I recently signed up for a program called Book Sneeze. The Christian publisher Thomas Nelson provides bloggers with free copies of books in exchange for honest reviews of them. The most exciting part for the bloggers is trying to keep the review under 250 words. The most exciting part for readers is that we will offer a few of these books as giveaways every few weeks. Winners will be chosen randomly from the people who comment on the blog post we set up for the giveaway.
Review: Jeremy Lott, Christian Encounters: William F. Buckley
When William F. Buckley died at the age of eighty-two, the New York Times described him as a man who “marshaled polysyllabic exuberance, famously arched eyebrows and a refined, perspicacious mind to elevate conservatism to the center of American political discourse.” Buckley founded the National Review, hosted the PBS show Firing Line for decades, and published over fifty books, including a popular series of spy novels. What people have tended to gloss over, however, was his deep religious faith and commitment to Catholicism.
In his biography of Buckley, however, Jeremy Lott places religious faith at the center of his retelling of the journalist’s life. The publication of God and Man at Yale dominates the beginning of the book. Lott uses the responses to this book to explore anti-Catholicism at Ivy League institutions and the general distrust of deep religious faith there. The book’s brevity, however, prevents Lott from providing readers with anything more than a cursory examination of Buckley’s life.
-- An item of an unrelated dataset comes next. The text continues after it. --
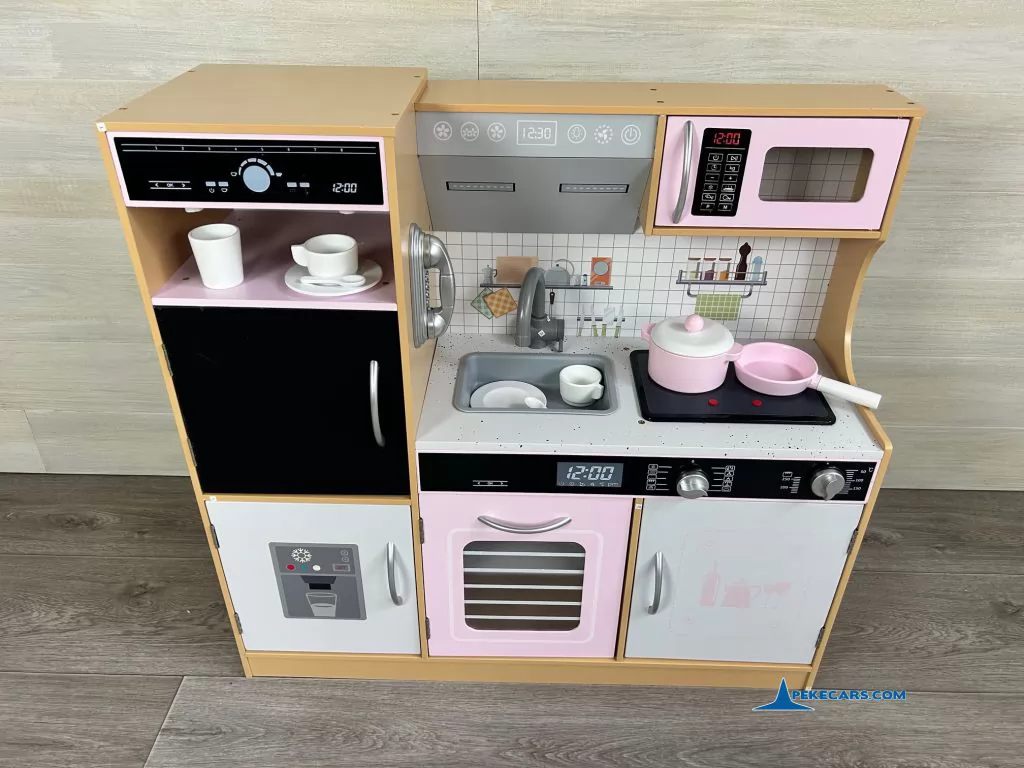 cocina de juguete cafetera pastel accesorios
Although he describes the founding of the National Review, Lott does not explore the magazine’s evolution over the several decades of its existence or any disagreements that occurred within its staff in any depth. Readers who want to know more William Buckley and his place in modern conservatism would do well to look at a more in-depth biography. For those who want a short introduction to Buckley’s life, this biography will do more than suffice.